**Work item**.
Whenever the word "shirt" shows up in a line of the data, copy that line.

**Task material**.
##############################

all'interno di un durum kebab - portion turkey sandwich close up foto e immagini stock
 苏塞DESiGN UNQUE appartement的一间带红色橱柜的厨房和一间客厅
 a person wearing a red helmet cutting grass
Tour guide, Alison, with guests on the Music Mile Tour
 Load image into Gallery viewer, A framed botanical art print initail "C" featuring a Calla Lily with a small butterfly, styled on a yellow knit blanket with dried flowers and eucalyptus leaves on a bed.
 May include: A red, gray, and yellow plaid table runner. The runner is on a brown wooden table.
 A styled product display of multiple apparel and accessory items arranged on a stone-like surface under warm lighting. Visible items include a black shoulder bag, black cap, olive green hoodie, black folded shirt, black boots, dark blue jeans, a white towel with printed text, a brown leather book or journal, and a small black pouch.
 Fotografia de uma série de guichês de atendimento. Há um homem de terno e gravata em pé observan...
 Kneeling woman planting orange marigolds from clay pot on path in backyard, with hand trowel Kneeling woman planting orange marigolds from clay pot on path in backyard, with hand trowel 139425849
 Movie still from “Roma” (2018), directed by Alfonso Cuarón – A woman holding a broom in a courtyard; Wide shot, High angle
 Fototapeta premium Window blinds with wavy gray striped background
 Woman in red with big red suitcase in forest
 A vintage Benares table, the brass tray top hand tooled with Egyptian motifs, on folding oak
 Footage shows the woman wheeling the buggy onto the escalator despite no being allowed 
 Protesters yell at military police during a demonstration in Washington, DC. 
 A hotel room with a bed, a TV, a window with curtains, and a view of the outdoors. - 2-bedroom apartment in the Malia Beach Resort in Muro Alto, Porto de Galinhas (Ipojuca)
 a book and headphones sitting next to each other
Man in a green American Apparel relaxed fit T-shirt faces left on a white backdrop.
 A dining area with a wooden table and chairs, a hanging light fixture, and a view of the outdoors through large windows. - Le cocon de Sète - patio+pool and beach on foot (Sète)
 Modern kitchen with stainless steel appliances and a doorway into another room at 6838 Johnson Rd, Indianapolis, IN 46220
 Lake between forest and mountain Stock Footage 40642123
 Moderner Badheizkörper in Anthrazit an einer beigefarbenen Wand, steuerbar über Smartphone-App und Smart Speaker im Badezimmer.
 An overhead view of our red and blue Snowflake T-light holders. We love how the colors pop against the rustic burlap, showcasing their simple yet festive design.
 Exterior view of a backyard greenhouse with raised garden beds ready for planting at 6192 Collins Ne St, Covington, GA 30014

##############################

**Your solution**.
 A styled product display of multiple apparel and accessory items arranged on a stone-like surface under warm lighting. Visible items include a black shoulder bag, black cap, olive green hoodie, black folded shirt, black boots, dark blue jeans, a white towel with printed text, a brown leather book or journal, and a small black pouch.
Man in a green American Apparel relaxed fit T-shirt faces left on a white backdrop.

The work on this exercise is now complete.